The main takeaway is that the performance hit from byte-level modeling grows larger as scale increases when you use masked diffusion instead of standard autoregressive training. The authors run a compute-matched scaling study and permutation experiments to show this disparity, then point to context fragility as the cause: AR keeps a stable causal history that lets the model pick up subword patterns, while MDM's masking breaks the local contiguity needed to make sense of raw bytes quickly. This is a useful empirical extension of prior byte-model and diffusion work, and the controlled permutations give a concrete way to test the idea rather than just speculating. The paper does well by keeping the comparison direct and by flagging that future modality-agnostic designs will need stronger structural biases to avoid this overhead. The softer part is the attribution step. The stress-test note is fair: without explicit FLOPs accounting or checks that hold sequence statistics and optimizer behavior constant across the two objectives, the gap could partly reflect allocation differences or gradient effects instead of fragility alone. If the full methods section has tight controls, the hypothesis lands better; if not, it stays a plausible story but not fully isolated. This is aimed at people working on scaling laws for non-subword or parallel-generation setups. A reader who cares about practical efficiency in byte or diffusion models will get value from the head-to-head numbers. It should go to peer review because the scaling observation is worth referee time even if the causal claim needs tightening.

Referee Report

3 major / 2 minor

Summary. The paper claims that in a compute-matched scaling study, byte-level modeling incurs a larger performance penalty for masked diffusion models (MDM) than for autoregressive (AR) models. It hypothesizes that this stems from 'context fragility' in MDM, where the parallel objective destroys local contiguity needed to recover subword semantics from raw bytes, while AR's causal history allows natural rediscovery of patterns. Controlled permutation experiments are presented as supporting evidence, with implications for future modality-agnostic byte-level designs.

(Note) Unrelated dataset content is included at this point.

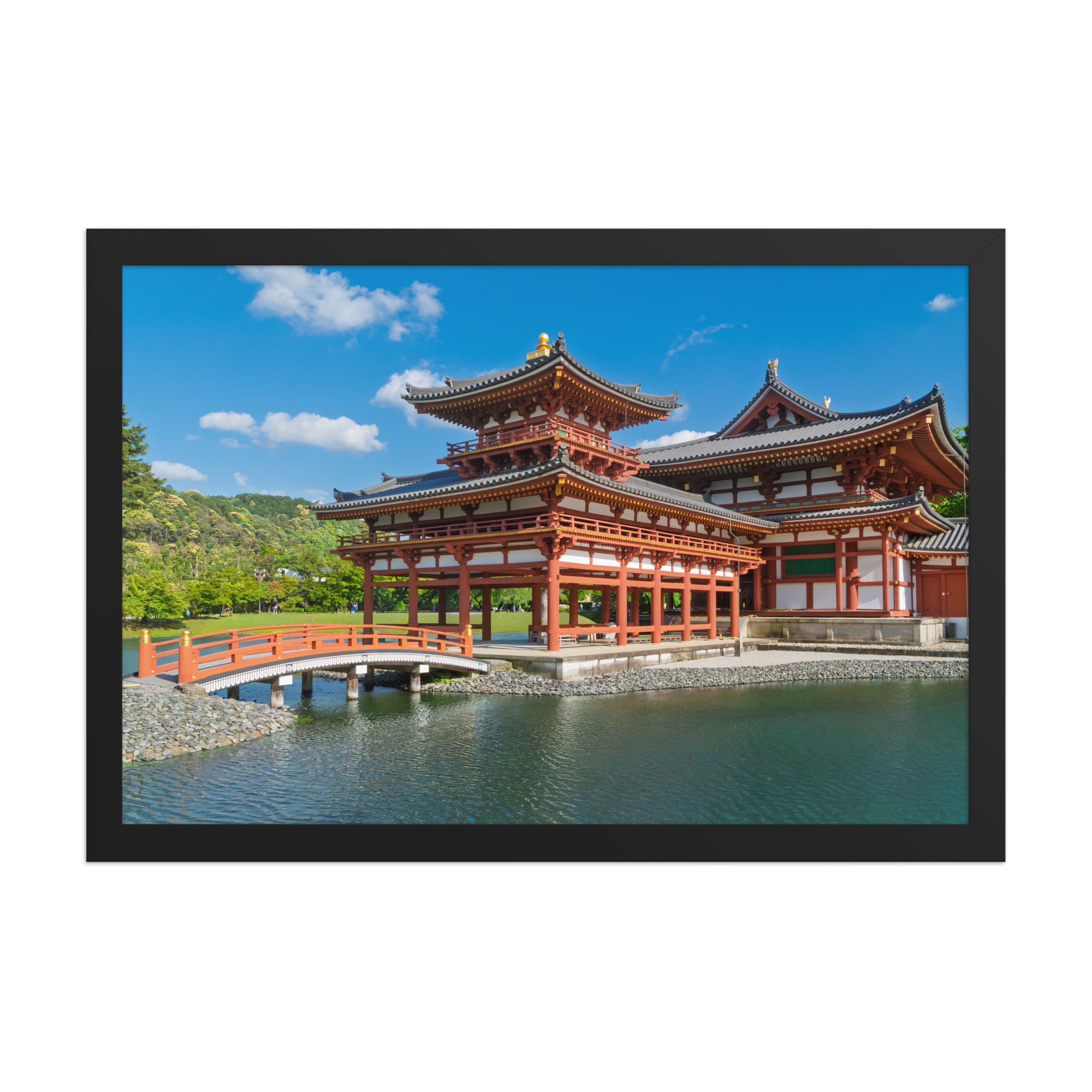 premium-luster-photo-paper-framed-poster-(in)-black-12x18-front-6a1db3682848e.png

Significance. If the central empirical finding holds under tighter controls, the work identifies a non-uniform scaling cost in byte modeling that is worse under non-causal objectives. This could inform the design of structural biases for efficient byte-level MDM and similar paradigms, providing a concrete empirical baseline for modality-agnostic generative modeling.

major comments (3)

[Scaling Study / Abstract] The scaling study description (abstract and methods) reports results from compute-matched regimes but provides no explicit FLOPs accounting, per-parameter optimization details, or verification that effective sequence utilization and gradient statistics are held constant across AR and MDM. This leaves open the possibility that the observed disparity arises from allocation differences rather than context fragility.
[Permutation Experiments] The permutation experiments are invoked to support the context fragility hypothesis, but the manuscript does not specify how the permutations preserve sequence statistics while breaking local contiguity, nor does it report quantitative controls (e.g., effective context length or token co-occurrence preservation) that would isolate fragility from other objective-specific effects.
[Discussion / Hypothesis] The central claim that MDM's scaling overhead is worse specifically because it 'destroys the local contiguity required to efficiently resolve semantics' is load-bearing yet rests on indirect evidence; no direct measurement of semantic resolution efficiency (e.g., via probing or reconstruction metrics) is provided to link the performance gap to the hypothesized mechanism.

minor comments (2)

[Experimental Setup] Clarify the exact evaluation metrics (e.g., bits-per-byte, perplexity) and model configurations (depth, width, training steps) used in the scaling curves to allow reproduction.
[Introduction] Add references to prior byte-level AR and diffusion work (e.g., ByT5, byte-level diffusion papers) to situate the novelty of the efficiency-gap finding.

Simulated Author's Rebuttal

3 responses · 0 unresolved

We thank the referee for their constructive and detailed feedback. The comments have helped us clarify the experimental controls and strengthen the presentation of our results. We respond to each major comment below and have revised the manuscript accordingly.

read point-by-point responses

Referee: [Scaling Study / Abstract] The scaling study description (abstract and methods) reports results from compute-matched regimes but provides no explicit FLOPs accounting, per-parameter optimization details, or verification that effective sequence utilization and gradient statistics are held constant across AR and MDM. This leaves open the possibility that the observed disparity arises from allocation differences rather than context fragility.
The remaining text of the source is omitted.